Fatuma Mohammed, une jeune de Pumwani, a déclaré qu’une fois les projets de logement terminés, ils se lanceraient dans la collecte des ordures et nettoieraient également les appartements.
« Nous ferons cela en porte-à-porte. En tant que communauté, nous sommes prêts à travailler avec tous ceux qui seront impliqués dans ce projet », a déclaré Fatuma.
Pourquoi est-il difficile de partager des maisons à Kayole
À Matopeni, Kayole, Job Ogalo, le président de la communauté, a déclaré que les parents ont du mal à partager des maisons de petites pièces avec leurs petits.
« Nos maisons sont faites de tôles. Vivre dans ces maisons avec nos enfants est un défi. Nous prenons de l’eau sale, mais nous sommes contents de ce nouveau programme. Nous voulons aussi vivre comme les habitants de Muthaiga ou de Runda. Il est dangereux de vivre dans des maisons construites sous des poteaux électriques », a expliqué Ogalo.
Ces derniers jours, des membres du public ont soumis leurs opinions sur les projets de logements abordables aux responsables du Kenya lnform Settlement Improvement Project (KlSP2).
Dans leurs présentations, la plupart des résidents appuyaient le programme en raison des avantages qu’ils en retireraient.
Toutefois, Vivian Atieno, tout en félicitant tous ceux qui ont participé à la mise en œuvre du programme, a exhorté le gouvernement à considérer les jeunes comme des sous-traitants.
« En tant que jeunes, nous pouvons également fournir des matériaux de construction aux chantiers.

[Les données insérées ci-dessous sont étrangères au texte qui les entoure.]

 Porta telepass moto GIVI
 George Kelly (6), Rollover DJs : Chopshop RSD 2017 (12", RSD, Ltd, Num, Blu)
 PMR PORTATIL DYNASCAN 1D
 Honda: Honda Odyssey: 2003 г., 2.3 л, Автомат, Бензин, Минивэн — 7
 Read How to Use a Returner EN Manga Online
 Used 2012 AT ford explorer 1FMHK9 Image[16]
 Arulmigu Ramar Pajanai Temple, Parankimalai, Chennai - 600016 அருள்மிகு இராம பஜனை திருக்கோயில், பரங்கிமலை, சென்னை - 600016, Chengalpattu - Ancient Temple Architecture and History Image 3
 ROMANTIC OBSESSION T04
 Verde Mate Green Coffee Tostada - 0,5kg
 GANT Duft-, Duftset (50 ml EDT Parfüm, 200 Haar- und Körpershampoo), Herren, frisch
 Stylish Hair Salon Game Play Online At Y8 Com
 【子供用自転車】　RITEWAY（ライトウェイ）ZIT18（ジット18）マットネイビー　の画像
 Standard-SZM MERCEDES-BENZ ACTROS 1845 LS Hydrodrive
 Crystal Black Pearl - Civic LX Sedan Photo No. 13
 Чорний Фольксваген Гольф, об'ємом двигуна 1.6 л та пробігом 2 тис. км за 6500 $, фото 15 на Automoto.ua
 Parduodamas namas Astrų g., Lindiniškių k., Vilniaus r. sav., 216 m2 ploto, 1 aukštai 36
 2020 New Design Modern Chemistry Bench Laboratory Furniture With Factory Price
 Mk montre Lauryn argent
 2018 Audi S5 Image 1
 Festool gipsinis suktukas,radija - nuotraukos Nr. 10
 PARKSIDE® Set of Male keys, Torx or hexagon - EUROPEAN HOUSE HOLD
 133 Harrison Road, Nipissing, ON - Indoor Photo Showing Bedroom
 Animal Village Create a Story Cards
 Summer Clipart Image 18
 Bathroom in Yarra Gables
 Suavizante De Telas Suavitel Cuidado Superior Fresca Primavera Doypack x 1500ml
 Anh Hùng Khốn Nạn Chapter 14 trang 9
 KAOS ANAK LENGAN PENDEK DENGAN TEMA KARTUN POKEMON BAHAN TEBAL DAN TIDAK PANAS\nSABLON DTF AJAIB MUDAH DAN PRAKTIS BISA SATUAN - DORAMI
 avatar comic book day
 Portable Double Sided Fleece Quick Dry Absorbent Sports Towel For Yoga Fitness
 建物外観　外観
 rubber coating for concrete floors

En ce qui concerne les paiements, nous appelons toutes les personnes concernées à accélérer les processus », a déclaré Atieno.
Lorsqu’on l’a contacté pour commenter, George Orwa, PDG de KISIP, a déclaré que l’initiative sur les titres de propriété en bloc viendra par le biais d’un prélèvement pour aider à construire des maisons en partenariat avec les bénéficiaires de la régularisation foncière grâce à l’utilisation de l’aspect vertical de la terre.
« Grâce à cette initiative, davantage de personnes en bénéficieront, et les emplois seront réservés à ces bénéficiaires avant d’être ouverts aux personnes vivant en dehors des limites de ces quartiers informels », a déclaré Orwa.